# Recorded data:
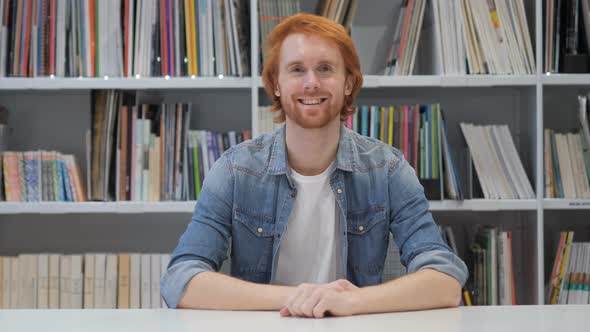 Portrait of Smiling Man with Red Hairs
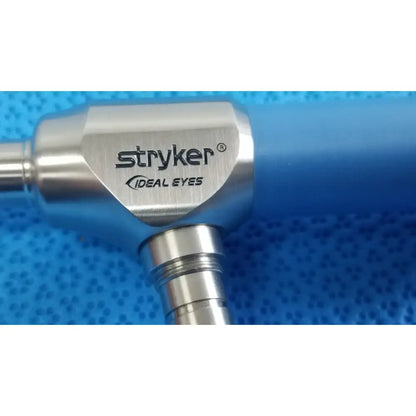 Silver metallic ideal eyes 10mm surgical instrument with blue handle autoclavable by Stryker for precision use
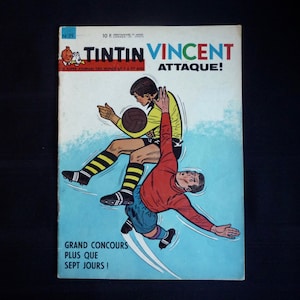 May include: A vintage comic book cover featuring Tintin and Vincent in a soccer match. The cover is blue and white with the title "Tintin Vincent Attaque!" in red and black lettering. The text "Grand Concours Plus Que Sept Jours!" is printed in black at the bottom of the cover.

# Work order:
Without the pictures, return the whole of the data exactly as given.

# Task output:
 Portrait of Smiling Man with Red Hairs
 Silver metallic ideal eyes 10mm surgical instrument with blue handle autoclavable by Stryker for precision use
 May include: A vintage comic book cover featuring Tintin and Vincent in a soccer match. The cover is blue and white with the title "Tintin Vincent Attaque!" in red and black lettering. The text "Grand Concours Plus Que Sept Jours!" is printed in black at the bottom of the cover.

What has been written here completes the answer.